I recently had some wonderful clients who had signed what I considered to be a terribly one-sided settlement agreement with a local Southern California school district. Seeking to obtain rights for their child after the fact, we found that the agreement handcuffed them in every direction and precluded them from being able to negotiate any changes for their child. At the time, my client told me that based on her research, school districts were engaging in some unfair practices with parents, all designed to deprive them of the rights provided them by IDEA, federal, and state law. Since that time I have been looking more carefully at how districts use settlement agreements and other waiver of rights, and I have come to see how correct her observation is.

Typically, settlement agreements are a sort of exception to how special education matters are settled. They are used generally to avoid the expense to both parties of a due process hearing and are essentially a contract between the two parties as to what services will be provided and what rights to further disagreements over those services exist. The important piece to understand is that once a settlement agreement is signed, the parent and district have now left the land of IDEA and entered the lands of contract law.

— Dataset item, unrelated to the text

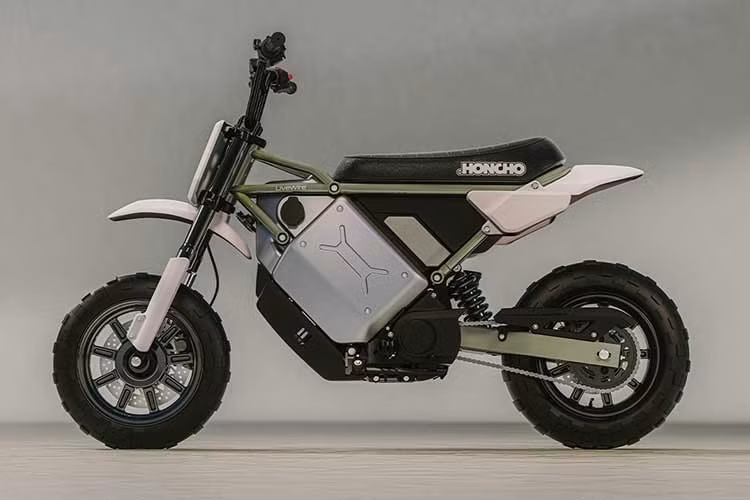 Kymco là một trong những nhà sản xuất xe tay ga lớn trên thế giới, đồng thời là đơn vị nổi tiếng với công nghệ pin hoán đổi Ionex, đang được quan tâm nhất hiện nay. Mới đây LiveWire đã cho ra mắt bộ đôi xe máy điện S4 Honcho Trail và S4 Honcho Street mới.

Having left IDEA, which was designed to assist disabled children and their parents, an aggrieved parent is now left with only contract remedies, and significantly, absent good counsel, the parent finds that the agreement they have signed significantly limits the claims they can raise and the remedies available to them.

A California Watch article concerning a lawsuit against Riverside Unified School District (RUSD) points to one egregious example of how districts are literally forcing parents to sign agreements which serve to deprive them of important rights. Please read the full article, but here in a nutshell is what this district has been doing. When involved with unrepresented parents, meaning parents without legal representation, the district has been presenting them with settlement agreements that are presented as take it or lose it alternatives. The parents, lacking legal counsel, are met with an official looking agreement drafted in legal speak that is dense and difficult to decipher. In the cases reported by California Watch, the parents were both in desperate circumstances and willing to agree to almost anything to get their children certain services they felt were vital. In one instance, the parent was not even a native English speaker and thus doubly handicapped in trying to understand the contract agreement with which she had been presented.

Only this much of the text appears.